Planning for a micro-collection, fashion students hope to host a runway show next year Creating sketches to be made into a collection next year, students are choosing fabrics for their three designs
After finishing their third design for their micro-collection, students are now choosing their fabrics. “Choosing fabrics now makes it easier for us in the future so we’re not spending too much time thinking about what we could do,” junior Makenna Wahrer said. “If we already know what we’re going with, we can just go get however much we need based on our pattern and then get that part done quickly.” Art Credit: Ana Gonzalez Photo Credit: Levi Harbeson
Thinking of designs to display next year, Fashion Design III students have finished concepts and sketching for their mini-collections and are beginning the planning process.
“I was interested in the fashion program before I came here largely because of the fashion show and it’s great that we get to do it now,” junior Brooke Young said. “This will give me experience in pattern drafting, mood boards, and making our concepts come alive, which I will need later when I go to fashion school.”
Students began making a mood board for the collections in January, and then created designs, first by partnering up with other students, looking at each other’s boards and then making a design based on the other student’s collection inspiration.
“By making students create a mood board that reflects what their collection is going to look like and then giving that to a student for a first look and working collaboratively off that design someone else made based on their own inspiration, it forces you to think outside your box, and maybe design something for your collection that isn’t exactly how you imagined it,” Fashion Design teacher Levi Harbeson said. “It’s about compromise and working in the professional fashion industry is all about collaboration and compromise.”
Students also designed footwear, and although that part won’t be created in real life, their sketches will be shown along with their collections when they are made.
“The footwear adds a different element to the project,” junior Makenna Wahrer said. “It reminds us that you not only have to worry about the clothes themselves but also the styling and the accessories.
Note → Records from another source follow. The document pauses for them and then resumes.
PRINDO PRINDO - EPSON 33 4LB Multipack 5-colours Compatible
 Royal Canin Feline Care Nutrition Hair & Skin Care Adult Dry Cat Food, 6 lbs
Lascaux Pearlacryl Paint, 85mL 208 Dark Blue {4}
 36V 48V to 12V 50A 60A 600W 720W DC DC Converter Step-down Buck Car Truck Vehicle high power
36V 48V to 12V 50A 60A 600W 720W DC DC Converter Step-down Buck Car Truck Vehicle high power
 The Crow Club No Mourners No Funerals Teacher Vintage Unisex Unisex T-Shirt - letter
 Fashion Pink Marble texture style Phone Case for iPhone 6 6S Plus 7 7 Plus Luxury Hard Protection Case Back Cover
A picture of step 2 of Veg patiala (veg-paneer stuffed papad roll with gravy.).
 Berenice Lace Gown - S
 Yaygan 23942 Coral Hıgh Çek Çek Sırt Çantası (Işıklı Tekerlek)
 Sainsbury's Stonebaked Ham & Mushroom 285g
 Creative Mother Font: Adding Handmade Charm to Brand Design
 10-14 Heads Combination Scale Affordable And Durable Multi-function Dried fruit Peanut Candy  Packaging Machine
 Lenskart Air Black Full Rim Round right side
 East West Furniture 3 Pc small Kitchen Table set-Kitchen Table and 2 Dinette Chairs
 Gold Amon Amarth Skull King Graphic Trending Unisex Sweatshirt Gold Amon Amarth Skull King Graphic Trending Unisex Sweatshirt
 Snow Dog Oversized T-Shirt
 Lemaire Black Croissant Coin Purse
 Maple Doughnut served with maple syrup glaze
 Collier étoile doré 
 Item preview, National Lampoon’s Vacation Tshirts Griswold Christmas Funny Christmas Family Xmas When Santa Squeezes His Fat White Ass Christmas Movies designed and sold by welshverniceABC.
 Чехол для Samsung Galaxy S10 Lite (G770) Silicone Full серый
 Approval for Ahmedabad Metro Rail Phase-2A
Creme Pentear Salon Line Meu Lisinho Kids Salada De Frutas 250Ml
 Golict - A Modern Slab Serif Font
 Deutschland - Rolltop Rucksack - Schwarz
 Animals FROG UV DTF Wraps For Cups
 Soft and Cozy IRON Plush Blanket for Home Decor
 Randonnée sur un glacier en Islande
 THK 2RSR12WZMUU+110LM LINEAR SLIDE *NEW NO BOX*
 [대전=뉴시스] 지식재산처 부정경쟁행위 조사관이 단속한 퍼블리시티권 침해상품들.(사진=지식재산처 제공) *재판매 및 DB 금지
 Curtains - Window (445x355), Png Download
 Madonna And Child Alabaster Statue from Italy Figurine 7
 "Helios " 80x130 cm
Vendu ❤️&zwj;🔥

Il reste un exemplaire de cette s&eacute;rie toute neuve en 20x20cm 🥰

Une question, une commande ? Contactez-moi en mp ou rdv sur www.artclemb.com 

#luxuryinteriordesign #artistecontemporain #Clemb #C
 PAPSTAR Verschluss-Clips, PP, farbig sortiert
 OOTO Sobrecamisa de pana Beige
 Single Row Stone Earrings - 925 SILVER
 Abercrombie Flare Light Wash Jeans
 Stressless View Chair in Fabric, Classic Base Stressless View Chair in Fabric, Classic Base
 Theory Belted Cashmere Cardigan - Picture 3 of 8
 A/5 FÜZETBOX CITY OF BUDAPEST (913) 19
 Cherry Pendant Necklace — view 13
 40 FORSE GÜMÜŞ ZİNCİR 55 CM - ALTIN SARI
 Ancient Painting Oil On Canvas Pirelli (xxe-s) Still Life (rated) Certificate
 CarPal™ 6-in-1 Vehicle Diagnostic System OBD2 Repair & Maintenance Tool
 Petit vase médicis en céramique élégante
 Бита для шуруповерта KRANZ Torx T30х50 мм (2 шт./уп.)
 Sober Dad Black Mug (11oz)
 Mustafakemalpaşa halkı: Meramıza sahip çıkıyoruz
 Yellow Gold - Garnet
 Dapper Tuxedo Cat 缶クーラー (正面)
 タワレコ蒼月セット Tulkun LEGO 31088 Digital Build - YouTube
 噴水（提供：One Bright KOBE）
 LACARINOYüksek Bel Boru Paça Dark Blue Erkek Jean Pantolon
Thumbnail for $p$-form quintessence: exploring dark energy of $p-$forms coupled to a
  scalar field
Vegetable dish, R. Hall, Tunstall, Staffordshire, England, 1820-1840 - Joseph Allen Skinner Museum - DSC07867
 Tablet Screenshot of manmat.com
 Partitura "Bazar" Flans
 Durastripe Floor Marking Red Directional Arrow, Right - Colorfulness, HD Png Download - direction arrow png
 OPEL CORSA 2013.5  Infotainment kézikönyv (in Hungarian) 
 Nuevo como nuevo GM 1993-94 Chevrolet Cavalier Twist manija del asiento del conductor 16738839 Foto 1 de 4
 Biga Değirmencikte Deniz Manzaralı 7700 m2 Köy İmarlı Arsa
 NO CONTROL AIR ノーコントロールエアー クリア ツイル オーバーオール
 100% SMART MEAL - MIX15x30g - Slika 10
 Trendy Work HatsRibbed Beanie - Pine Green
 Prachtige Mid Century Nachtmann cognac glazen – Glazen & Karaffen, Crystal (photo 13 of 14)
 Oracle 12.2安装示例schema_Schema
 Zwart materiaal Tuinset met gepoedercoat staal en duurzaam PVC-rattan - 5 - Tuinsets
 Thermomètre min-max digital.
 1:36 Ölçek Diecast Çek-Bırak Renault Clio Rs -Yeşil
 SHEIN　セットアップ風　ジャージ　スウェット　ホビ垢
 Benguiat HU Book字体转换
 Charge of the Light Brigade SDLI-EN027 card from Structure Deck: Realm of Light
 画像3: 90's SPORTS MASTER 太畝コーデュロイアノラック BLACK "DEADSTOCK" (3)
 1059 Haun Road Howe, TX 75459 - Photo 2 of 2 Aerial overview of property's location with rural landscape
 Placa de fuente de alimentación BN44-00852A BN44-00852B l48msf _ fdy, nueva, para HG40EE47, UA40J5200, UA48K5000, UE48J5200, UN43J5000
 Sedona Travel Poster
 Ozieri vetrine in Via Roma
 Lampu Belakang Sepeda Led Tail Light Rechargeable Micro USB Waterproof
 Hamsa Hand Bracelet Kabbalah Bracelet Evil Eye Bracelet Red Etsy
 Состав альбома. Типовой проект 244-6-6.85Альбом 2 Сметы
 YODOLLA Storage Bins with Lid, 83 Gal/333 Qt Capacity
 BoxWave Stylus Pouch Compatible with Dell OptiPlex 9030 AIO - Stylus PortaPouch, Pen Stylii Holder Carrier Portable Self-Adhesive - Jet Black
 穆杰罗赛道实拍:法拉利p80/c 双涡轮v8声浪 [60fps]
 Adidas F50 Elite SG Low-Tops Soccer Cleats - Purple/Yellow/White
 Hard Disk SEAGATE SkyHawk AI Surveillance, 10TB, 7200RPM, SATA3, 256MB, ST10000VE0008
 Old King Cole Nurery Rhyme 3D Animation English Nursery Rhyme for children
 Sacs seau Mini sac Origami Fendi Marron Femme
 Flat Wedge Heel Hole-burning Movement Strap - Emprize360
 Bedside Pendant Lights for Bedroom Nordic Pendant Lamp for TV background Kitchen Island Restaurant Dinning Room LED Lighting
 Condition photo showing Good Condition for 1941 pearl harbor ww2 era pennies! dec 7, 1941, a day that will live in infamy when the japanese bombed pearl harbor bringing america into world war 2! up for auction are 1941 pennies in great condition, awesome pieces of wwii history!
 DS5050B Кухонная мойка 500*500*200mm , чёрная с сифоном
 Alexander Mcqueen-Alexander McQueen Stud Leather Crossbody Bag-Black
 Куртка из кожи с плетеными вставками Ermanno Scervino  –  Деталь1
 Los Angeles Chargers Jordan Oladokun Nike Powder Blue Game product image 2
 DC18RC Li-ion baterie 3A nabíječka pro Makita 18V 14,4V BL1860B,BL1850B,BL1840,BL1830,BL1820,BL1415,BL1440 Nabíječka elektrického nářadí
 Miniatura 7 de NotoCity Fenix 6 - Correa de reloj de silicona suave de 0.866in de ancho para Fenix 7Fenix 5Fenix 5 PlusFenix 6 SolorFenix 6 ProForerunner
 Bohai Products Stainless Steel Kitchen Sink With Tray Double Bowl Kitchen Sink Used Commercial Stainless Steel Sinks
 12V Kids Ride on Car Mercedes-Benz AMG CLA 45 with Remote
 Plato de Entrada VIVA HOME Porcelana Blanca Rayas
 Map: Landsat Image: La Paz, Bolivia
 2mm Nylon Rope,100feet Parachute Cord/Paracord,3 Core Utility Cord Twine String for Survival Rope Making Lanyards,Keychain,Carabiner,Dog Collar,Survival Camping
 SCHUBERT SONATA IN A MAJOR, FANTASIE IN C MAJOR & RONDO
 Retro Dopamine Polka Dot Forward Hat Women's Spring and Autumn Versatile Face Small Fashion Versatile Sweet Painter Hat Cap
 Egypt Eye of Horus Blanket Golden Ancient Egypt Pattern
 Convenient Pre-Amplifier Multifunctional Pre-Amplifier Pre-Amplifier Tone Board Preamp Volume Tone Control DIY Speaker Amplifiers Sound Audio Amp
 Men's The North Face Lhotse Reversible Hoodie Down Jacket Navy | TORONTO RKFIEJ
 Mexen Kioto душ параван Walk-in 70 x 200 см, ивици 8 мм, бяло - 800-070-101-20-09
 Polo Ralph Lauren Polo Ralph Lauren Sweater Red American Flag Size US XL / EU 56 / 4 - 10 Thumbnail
Creating shoes just shows what we think is going to make our collection pop even more, even if it’s not what is on the runway.”
Although a fashion show isn’t confirmed, Harbeson is hoping for one to be created, especially considering that students have now missed roughly a year of sewing.
“At the end of the day, it’s a really nice professional piece that you get to show and say, I can draw, I can collaborate, I can take constructive feedback,” Harbeson said. “That’s something that, if you only learn one thing from the fashion program at Southwest, I want students to learn that they are creative, that they can work in a team, and that they can take constructive feedback and not have it cripple them.”